While on the one hand, we aim to educate our planners in national defense doctrine through the proposed National Defense University, the country is yet to be able to ensure the livelihood of all. Our economic health is getting weaker and our international prestige has been eroded due to corruption.

Our future planners should be able to provide the nation a strategic direction for creating jobs, minimizing imports, and utilizing our energy to set up national industries. Setting up industries of fertilizers, garments, household medicines, machineries etc would minimize unproductive expenditures and help create jobs for the people.

Besides, taxpayers should be convinced that there is a need to modernize the national army to adapt to emerging threats and for adjusting itself within the regional security environment, conflict-prone international security situation and to confront our own potential internal security challenges. National security experts should study options in realizing our anticipated traditional security construct.

Think well

Undoubtedly, Nepal’s military needs much more agility and maneuverability to fight a mobile nature of battle rather than limiting them to vulnerable permanent locations for which operational devolution of fighting tactics by smaller groups can rather be a preferable contemplation.

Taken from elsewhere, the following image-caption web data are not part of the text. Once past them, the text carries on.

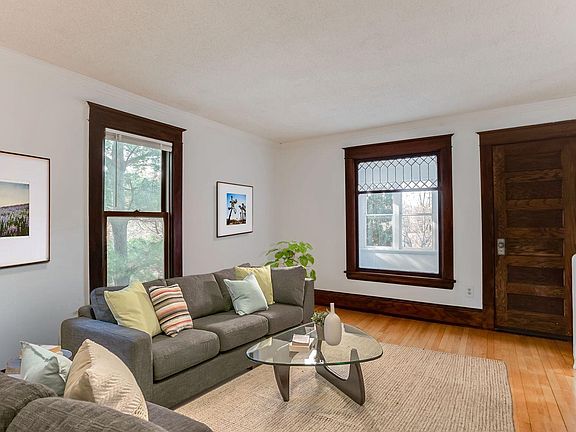 3rd image of 2753 Colfax Ave S #1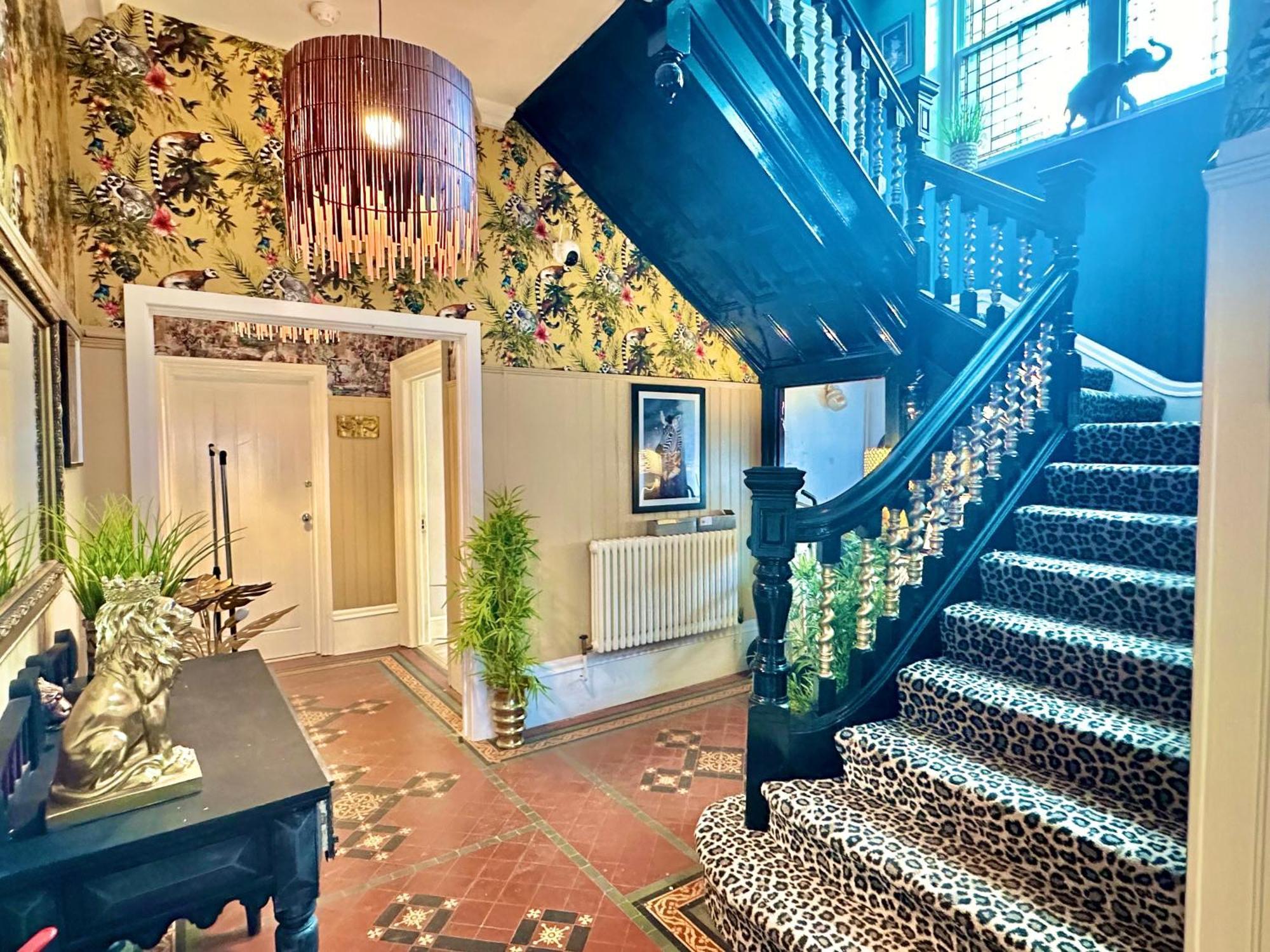 Lemur Lodge - Boutique Apartments - Short Stroll To The Beach Bournemouth Buitenkant foto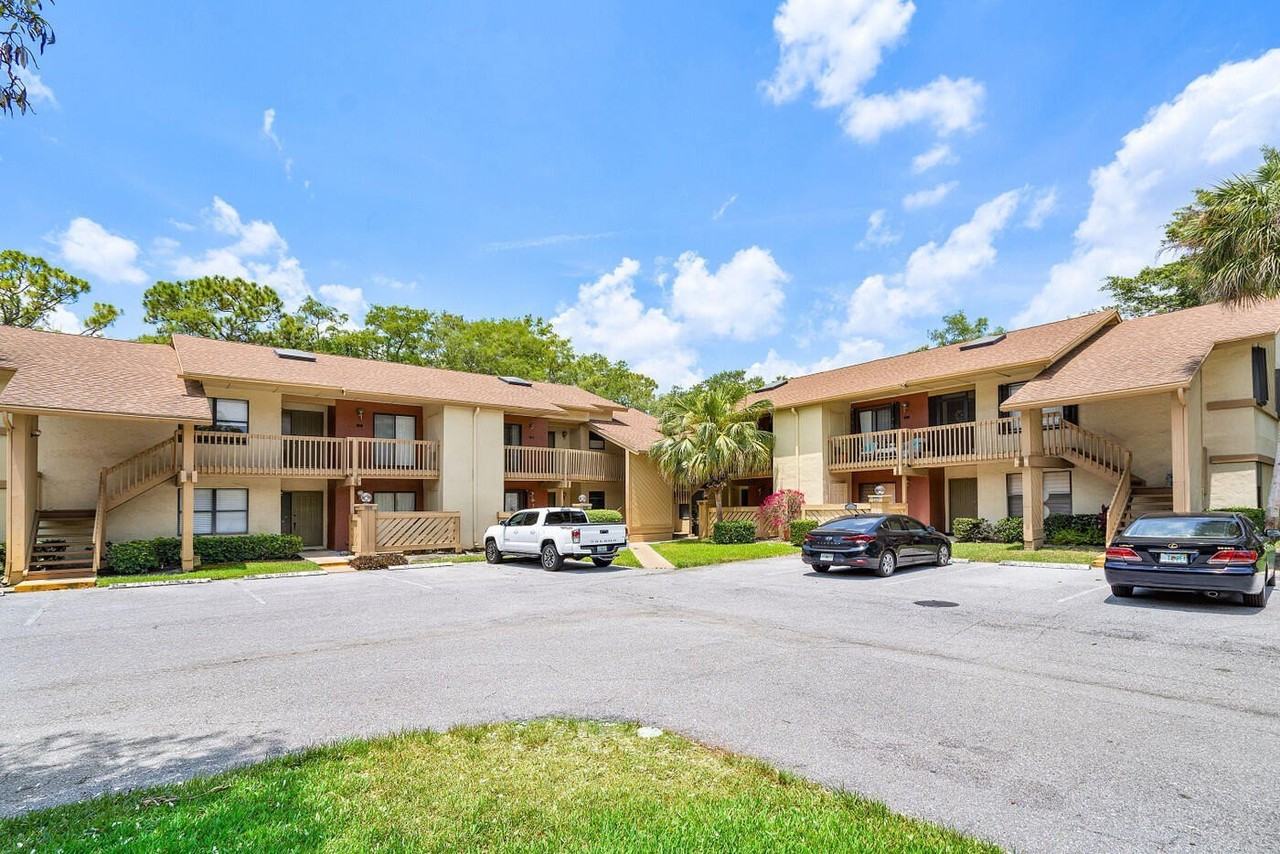 13095 Belhaven Ct #6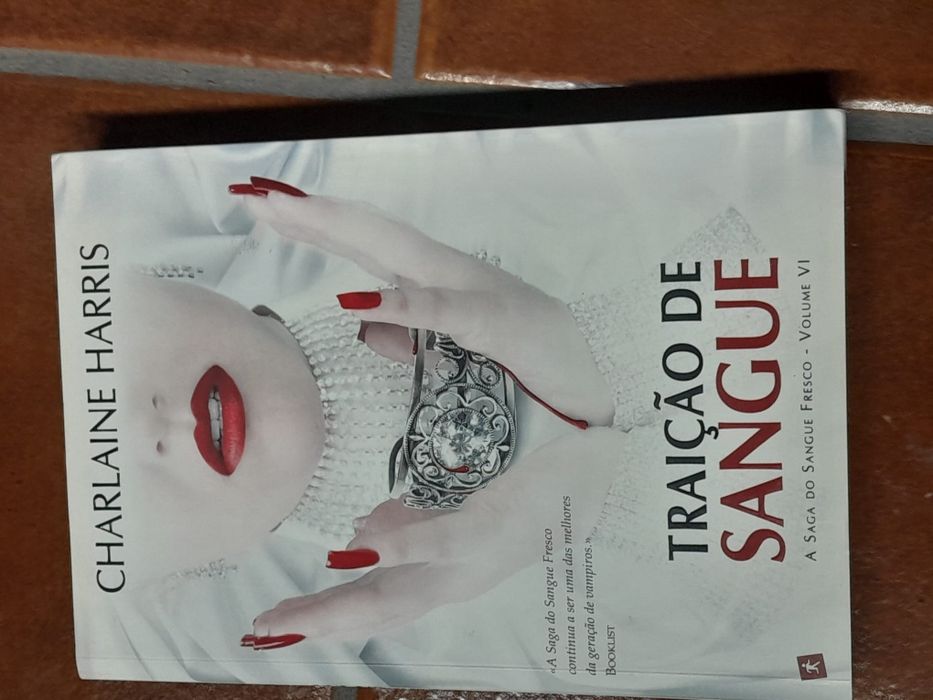 Traição de sangue de Charlaine Harris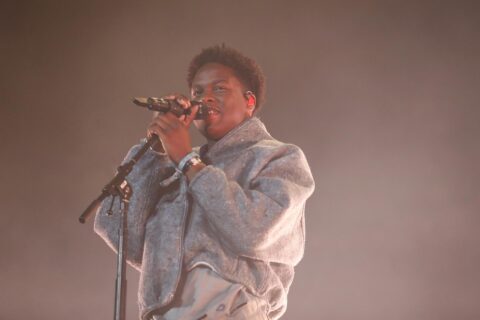 Daniel Caesar anuncia concierto en Chile: Revisa cuándo parte la venta de entradas y valores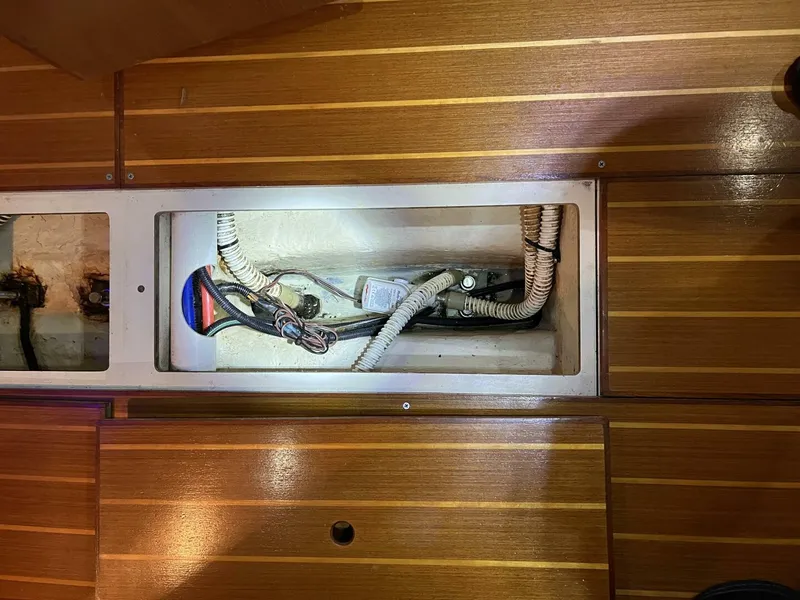 Slide: The Image of Hunter 306 2003 - 5683965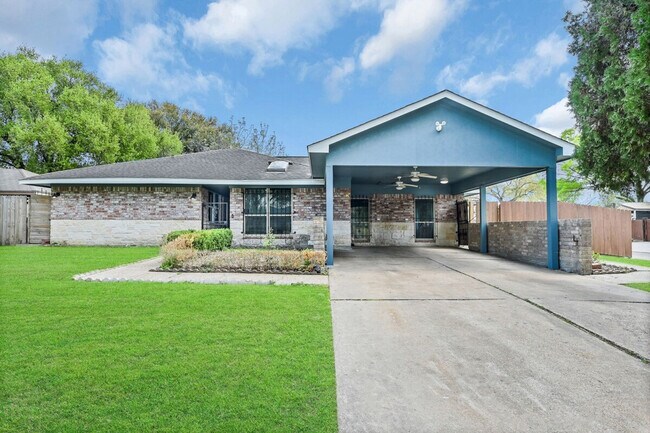 Building Photo - 6335 Tall Willow Dr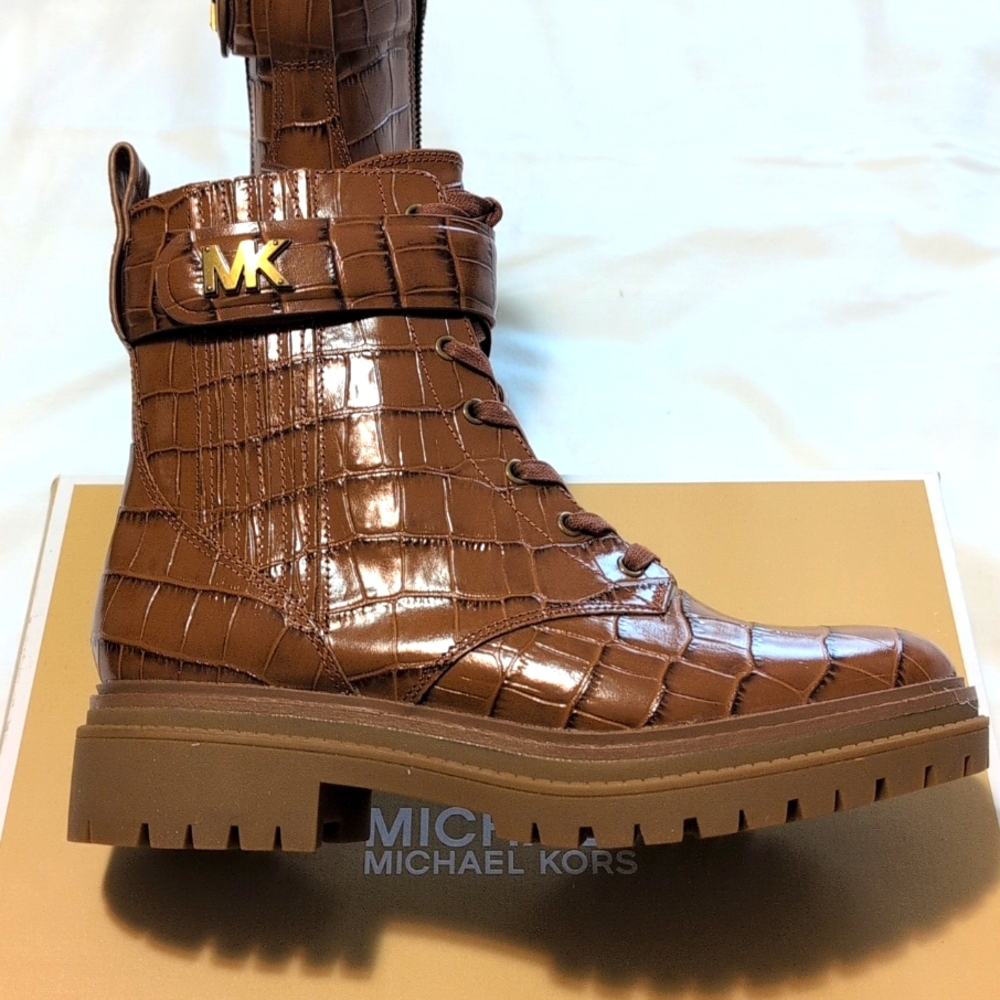 Michael Kors Ladies leather Chestnut Stark Booties. - Picture 6 of 10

Effective independent battle groups with decentralized resources under specific Divisional commands can achieve better results than command centric functional groups which may restrict maneuver and flexibility to suit the anticipated operational intent as spelt in our Foreign Policy document.

The ‘three plus one’ scheme should also complement our national interest in a challenging geostrategic setting.

The nation’s Foreign Policy document calls for not allowing Nepali soil (in essence by air and land) to be used against neighbors or other countries, while anticipating a similar level of commitment from them. Thus the ‘three plus one’ scheme should also complement our national interest in a challenging geostrategic setting.

The bloated military structure, caused due to Maoist insurgency, pulled us out from conflict and gave us dividends of current peace and stability. But the command level operational concept envisioned at this age may instead constrict independent unit’s maneuverability. Here is hoping that new Command restructure induced by NA will meet our conventional as well as unconventional challenges in the days to come.

Suresh Sharma, security analyst, is Brigadier General (retired) of Nepal Army.